Ph. D., Zoology, University of Texas at Austin, 1997

Behavioral and Population Ecology of the Army Ant Eciton burchelli
and Ant-following Birds

Foraging across Neotropical rainforest floors in swarms averaging six meters across, the army ant Eciton burchelli flushes creatures from the leaf litter into the waiting mouths of ant-following birds. Arthropods dismembered by the ants are carried back to the bivouac, a temporary nest made of their own living bodies. After foraging daily during the 14 day nomadic phase, bivouacs emigrate to new locations along the day's foraging trail. At the study site in Corcovado National Park, Costa Rica, probability of emigrating was halved in the wet season. Nomadic phases alternate with statary, when the colony stays in one site for 20 days and forages 65% of those days. Foraging directions in the statary phase are chosen randomly, not in a spiral pattern as previously reported. Swarm width and density of ants, a measure of foraging intensity, are negatively correlated, and statary swarms are significantly denser than nomadic swarms.

Foraging ants do not avoid old foraging trails of other colonies, but respond to contact with ants of another colony by initiating a rapid full retreat. Computer simulation models of colony foraging and interactions show that increasing collisions at higher densities decrease foraging efficiency. This density dependent interaction may serve to regulate population levels. At the density of colonies measured at Corcovado, 11 colonies/km2, simulations indicate a potentially significant impact on the prey base.

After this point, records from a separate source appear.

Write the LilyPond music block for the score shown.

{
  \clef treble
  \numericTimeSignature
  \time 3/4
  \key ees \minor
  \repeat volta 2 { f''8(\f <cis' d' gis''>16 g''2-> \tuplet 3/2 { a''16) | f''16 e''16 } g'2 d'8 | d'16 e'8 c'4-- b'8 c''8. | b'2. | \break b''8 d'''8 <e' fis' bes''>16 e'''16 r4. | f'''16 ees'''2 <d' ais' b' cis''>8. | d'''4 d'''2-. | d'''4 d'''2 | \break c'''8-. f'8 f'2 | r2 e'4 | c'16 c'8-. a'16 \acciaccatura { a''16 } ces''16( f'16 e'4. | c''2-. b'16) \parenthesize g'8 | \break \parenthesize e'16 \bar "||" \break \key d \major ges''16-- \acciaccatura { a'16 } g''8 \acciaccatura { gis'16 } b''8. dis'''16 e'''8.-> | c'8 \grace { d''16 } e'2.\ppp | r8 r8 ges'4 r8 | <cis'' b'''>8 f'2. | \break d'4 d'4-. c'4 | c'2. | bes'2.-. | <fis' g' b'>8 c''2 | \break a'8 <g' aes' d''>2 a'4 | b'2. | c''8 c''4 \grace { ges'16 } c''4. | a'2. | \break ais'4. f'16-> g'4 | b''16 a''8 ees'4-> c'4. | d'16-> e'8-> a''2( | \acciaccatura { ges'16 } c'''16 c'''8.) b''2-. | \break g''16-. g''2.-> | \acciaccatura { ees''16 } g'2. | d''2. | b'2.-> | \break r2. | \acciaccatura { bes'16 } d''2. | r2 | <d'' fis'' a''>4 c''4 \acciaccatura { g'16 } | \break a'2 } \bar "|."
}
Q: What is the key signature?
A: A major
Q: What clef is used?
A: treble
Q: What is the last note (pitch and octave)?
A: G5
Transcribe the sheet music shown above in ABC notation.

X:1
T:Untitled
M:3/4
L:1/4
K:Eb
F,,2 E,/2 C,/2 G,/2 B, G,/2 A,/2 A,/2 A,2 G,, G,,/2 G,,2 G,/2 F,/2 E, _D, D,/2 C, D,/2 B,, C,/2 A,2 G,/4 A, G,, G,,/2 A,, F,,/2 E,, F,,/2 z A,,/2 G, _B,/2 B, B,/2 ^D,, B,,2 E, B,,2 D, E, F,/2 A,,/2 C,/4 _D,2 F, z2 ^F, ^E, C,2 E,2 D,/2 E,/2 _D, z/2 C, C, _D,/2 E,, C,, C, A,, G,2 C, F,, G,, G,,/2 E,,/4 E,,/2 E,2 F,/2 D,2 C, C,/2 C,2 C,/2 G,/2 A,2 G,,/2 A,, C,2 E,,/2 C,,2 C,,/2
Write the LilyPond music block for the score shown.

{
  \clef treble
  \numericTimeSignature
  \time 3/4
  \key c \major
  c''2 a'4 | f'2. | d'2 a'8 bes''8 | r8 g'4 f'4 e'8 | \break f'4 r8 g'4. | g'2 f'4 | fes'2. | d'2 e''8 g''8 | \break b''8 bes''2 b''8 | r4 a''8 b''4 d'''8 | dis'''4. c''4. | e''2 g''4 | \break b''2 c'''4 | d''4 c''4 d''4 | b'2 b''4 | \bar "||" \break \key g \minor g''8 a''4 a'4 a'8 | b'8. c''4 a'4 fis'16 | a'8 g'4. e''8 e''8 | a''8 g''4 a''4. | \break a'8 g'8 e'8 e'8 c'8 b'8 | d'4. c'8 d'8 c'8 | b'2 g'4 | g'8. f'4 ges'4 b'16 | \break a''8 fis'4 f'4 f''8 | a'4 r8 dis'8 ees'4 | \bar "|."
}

Army ants are a patchy resource, providing unlimited food at the cost of tracking colonies in space and time. Dependent bird species memorize the locations of colonies and check their activity status each morning, following the first trail of ants encountered to the swarm. 7 of 45 species foraging with ants exhibit bivouac checking with 4 found at greater than 50% of swarms. Opportunistic species and some obligates locate swarms by following the calls of foraging birds. No differences in individual or species numbers were seen between statary and nomadic swarms, but two obligate species occurred in higher numbers at statary swarms. Significantly more birds and species foraged with wider swarms but no correlation with swarm density was observed, indicating competition for space is structuring bird attendance.

Taught field ecology courses in Amazonian Peru for Evergreen College, Olympia, Washington, and in neotropical Ecuador for Boston University.